Peng’s research focuses on urban economics, with study on the relationships between transportation and traffic congestion on air pollution and e-commerce. His HDSI Mentor will be Professor Gordon Hanson of the School of Global Policy & Strategy and a member of the HDSI Faculty Council. As an HDSI Postdoctoral Fellow, Peng and the other Fellows will have the freedom of research collaboration with faculty and students at the university, and to participate in HDSI activities such as seminars, industry partnerships and cross-disciplinary projects.

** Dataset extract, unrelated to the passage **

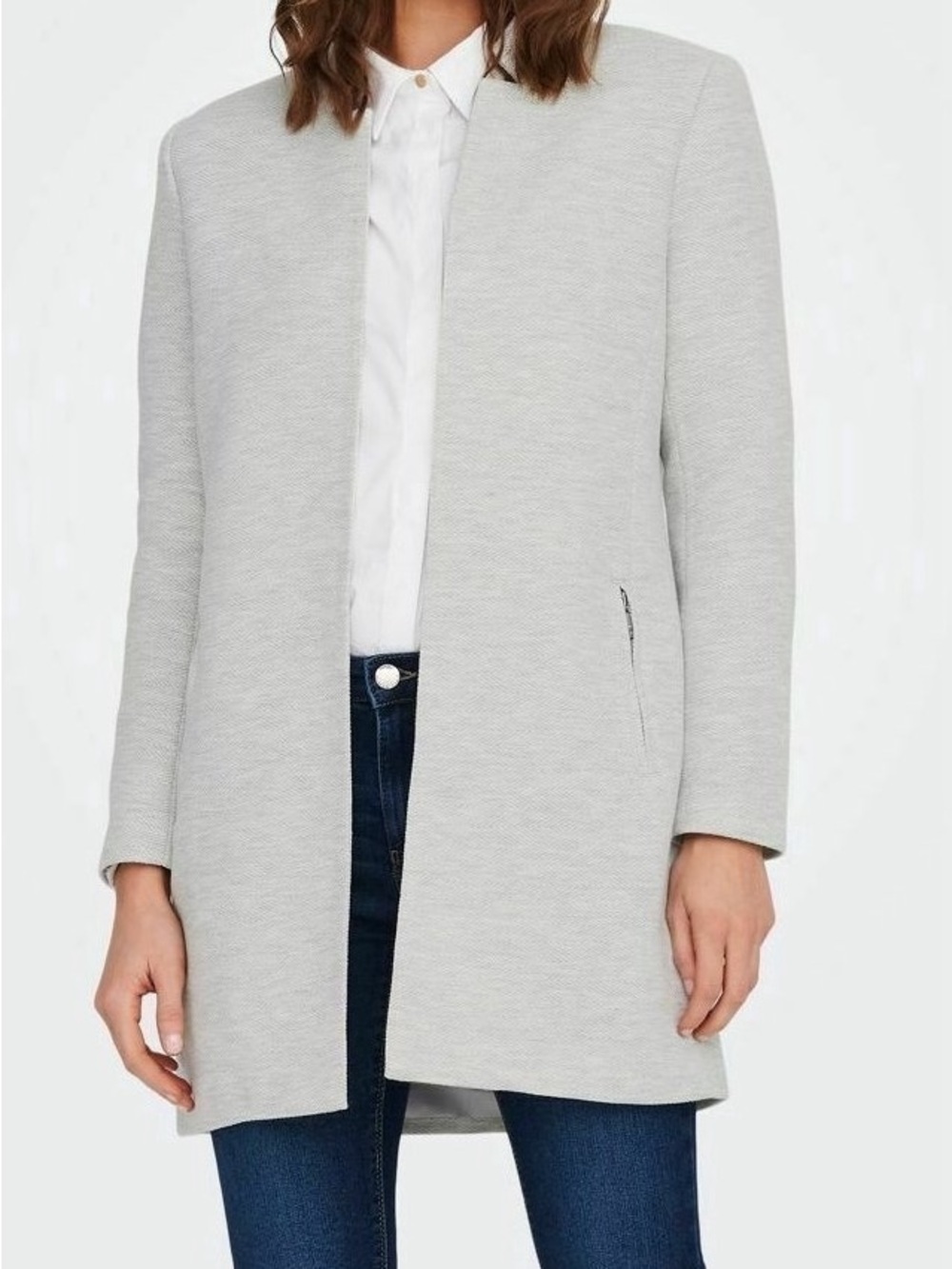 ONLY Soho Linea Grey Chevron Knit Zip Pocket Coatigan - Size Medium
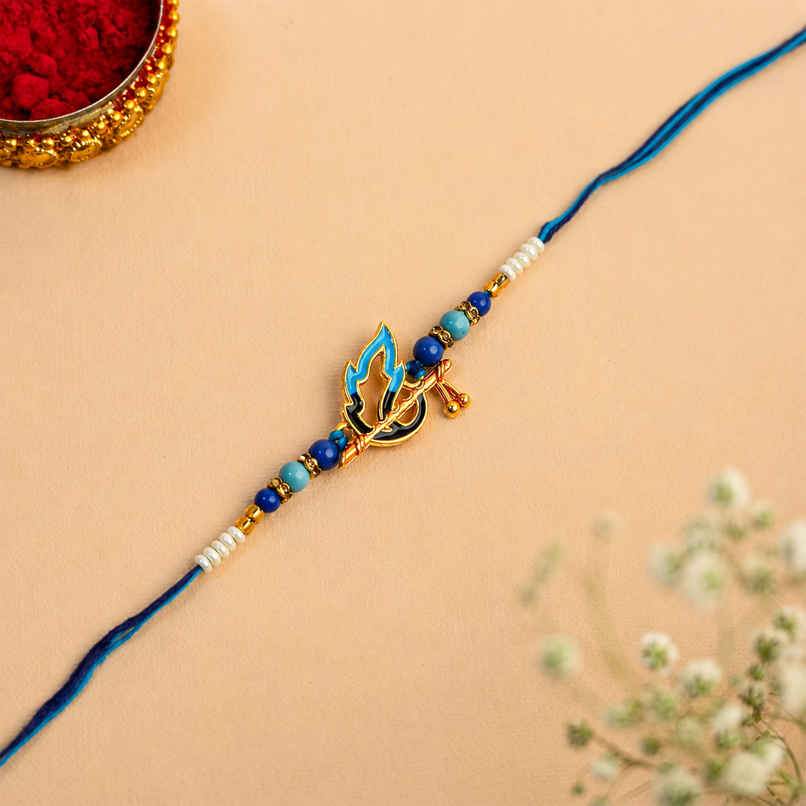 Rakhi for Brother | Krishna Mor Pankh & Bansuri | Peacock | Pack of 1 | Tomuncle Rakhi for Brother | Krishna Mor Pankh & Bansuri | Peacock | Pack of 1 | Tomuncle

Peng brings a diverse international educational background to the Institute gained from holding research positions in economics and law in the U.S., United Kingdom and China. He served as a Fox International Fellow at Yale University, and earned his master’s degree in economics from Fudan University, China. After earning his bachelor’s degree in economics from China’s Zhongnan University of Economics and Law, he was a visiting student at Kanazawa University in Japan. He speaks four languages.

His research interests include digital economies and rapid transit systems. His work has explored the economic impact of online retailing, and the relationship between e-commerce, traffic congestion and air quality. His research has addressed questions such as: Can e-commerce reduce traffic congestion? What is the impact of subways on employment and pollution? What is the socioeconomic impact of road development in Zambia? His data-science technology expertise and teaching experience includes GIS geographical information systems, quantitative analysis and spatial economic analysis.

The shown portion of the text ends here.